The problems seemed disconnected. Financial exclusion and infrastructure accountability don’t share obvious connections. But as teams presented their findings, something unexpected emerged. Every problem shared a common root: invisibility and opacity creating trust deficits that paralyzed economic activity and institutional accountability.
Pattern Recognition
For Catalyst specifically, three patterns crystallized from our market research that shaped our entire solution approach.
The first pattern was systematic invisibility. Forty million merchants conducting trillions of naira in annual economic activity yet remaining completely undetectable to formal financial systems. Their businesses weren’t failing. Their creditworthiness wasn’t questionable. Their economic contribution was massive. But traditional banking infrastructure literally couldn’t see them because it was designed to process audited financial statements, formal credit histories, and physical collateral documentation. Cash based informal commerce didn’t generate the paper trail banks required, rendering productive businesses invisible regardless of actual performance.
The second pattern was the collateral trap. Multiple merchants described wanting to expand operations, upgrade equipment, or increase inventory but being blocked by collateral requirements. A young entrepreneur with fashion design skills, proven sales ability, and established customer relationships couldn’t access five hundred thousand naira because she didn’t own land or vehicles. The banking system optimized for asset seizure rather than productive investment, systematically excluding youth and informal economy participants regardless of business capability.
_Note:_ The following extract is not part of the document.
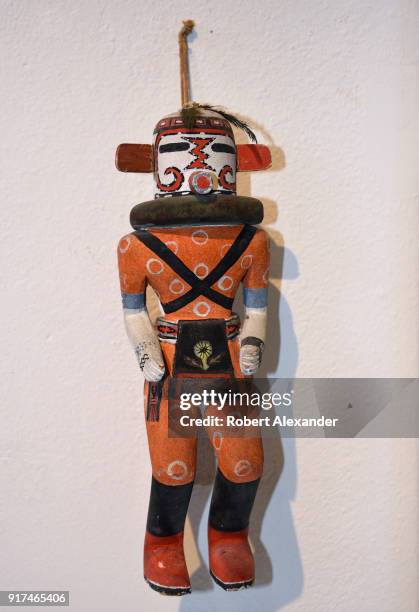 Vintage Native American kachina doll made by a Hopi carver for sale in a Santa Fe, New Mexico, shop.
The third pattern was predatory lending filling the vacuum. Every merchant who’d been rejected by formal lenders had a story about turning to informal moneylenders charging ten to twenty percent monthly interest. These weren’t isolated incidents. This was the default financing mechanism for Nigeria’s real economy. Businesses that could have grown with reasonable capital access instead remained trapped in survival mode, paying extractive interest rates that prevented wealth accumulation while enriching predatory actors.
The Throughline
During the Saturday session, facilitated discussion helped us identify the throughline connecting these patterns. The problem wasn’t lack of capital. Nigeria has investors seeking returns. The problem wasn’t lack of viable businesses. Our ground truth research documented thousands of profitable operations. The problem was trust infrastructure, or rather, the complete absence of it for informal economy participants.
Traditional trust mechanisms like credit bureaus, audited financials, and collateral requirements were designed for large corporations operating in formal economies. They couldn’t assess the micro merchant selling phones in Computer Village, the tailor operating from a market stall, or the provisions seller who’s maintained the same location for a decade. Without mechanisms to verify business performance, assess repayment capacity, or build credible reputations, rational investors chose to abstain rather than risk capital on invisible businesses.
This insight reframed our entire approach. We weren’t building a lending platform. We weren’t creating another microfinance institution. We were building trust infrastructure that could make invisible economic activity visible and verifiable.
The Aha Moment
The breakthrough came when we realized trust could be constructed through multiple valid pathways, not just the single path traditional banking imposed. For merchants with existing marketplace presence, we could capture sales data, customer reviews, fulfillment rates, and transaction patterns to quantify reliability. For aspiring entrepreneurs without transaction history, we could enable community vouching where established members sponsor individuals with viable business plans.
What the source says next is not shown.